ただ何も考えず歩くだけになったところで、左肩が痛み出す。
左肩を見ると、斬られた部分だけきれいに服が破れ、その下に傷ができている状態であることがわかった。
その周辺は多少赤くなっていて、そこだけが唯一俺の血で赤くなっている場所だった。
あまり凄い痛みではないということから考えれば傷は浅いのだろう。
たぶん、あの時あいつが俺を庇っていなかったら左肩を負傷したどころでは済まなかった事だろう。
彼と同じ状況になっていて、首が吹っ飛んでいたことだろう。
どこを歩いても、同じようにたくさんの人間が倒れている。
建物も全て壊されていて、どこを歩いても同じ場所に見える。
一定の方向にずっと歩いているから、迷うことはないはずだ。しかし、そんな景色だから時々迷っているのではないかと不安になる。
そうこう考えているうちに、GUNのトラックが見えた。ああ、助かった。
トラックの近くに立っていた男の人は俺を見ると目を丸くした。
当然だろう。民間人ならともかく、GUNの一員で戦っていたなら生きていることは奇跡に近い。

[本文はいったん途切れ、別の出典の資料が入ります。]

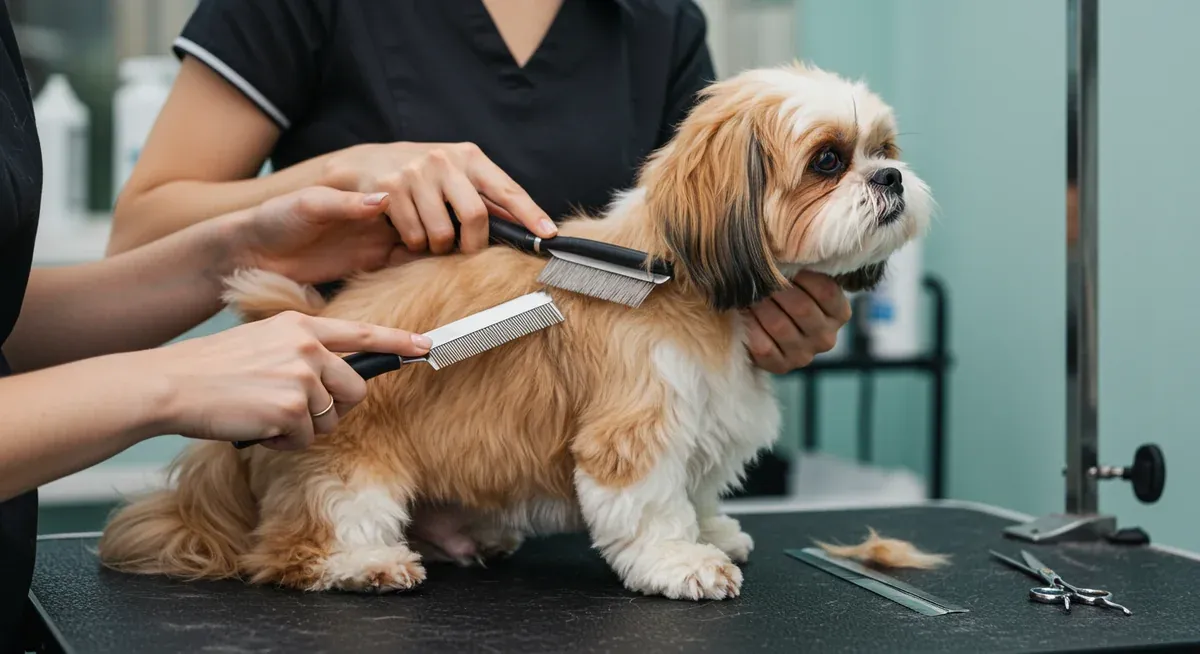 Dog Grooming Health Indicators What Your Dog's Coat and Skin Actually Reveal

まあ、俺の場合は途中から戦っていなかったから例外になるわけだが。
どっちにしろ、まだ生存者がいるなんてことは考えていなかっただろう。
その人は少し戸惑った様子を見せたが、俺が乗るトラックを指で指して「あそこのトラックに乗ってくれ」と言った。
「あの、トラックはどこに向かうんですか?」
「GUNの本部だよ。せっかく生き残った所悪いが、またお前さんには戦ってもらうってこった」
その人は苦笑いをする。
ああ、またあんな目に遭わなくちゃいけないのか。
また、あんなものを見なくてはいけないのか。
死んだ友人達の無残な姿が鮮明に浮かぶ。
そんなことを思っていたら顔が曇っていたのか、彼は顔をにやりとさせながら
「まあ、お前さんのいた所と違って本部には最新型の兵器があるから大丈夫だよ」
なんて安心させるように言ってきた。
本気で言っているのか気休めで言っているのかはわからない。
けど、少なくとも俺はわかっている。さっきの戦闘があったから。あいつの力をこの目で見てしまったから。
たぶん、その兵器を使ったって相手に勝てっこないって。
その兵器を使ったって、またたくさんの死人が出て。その兵器も死体の山の一部になるだけだって。
「ま、とりあえず乗って治療を受けろ」
と、左肩を思い切り叩かれる。そんなことをされたもんだから俺はたまらず苦痛の声を出す。
彼は俺の反応を見てハッハッハと笑っている。普通怪我人にそんなことしないだろ。
俺は叩かれた傷を見る。血がまだ少し流れている。
俺は早く止まらないものかと流れる血を見ながら指示されたトラックへと歩いていく。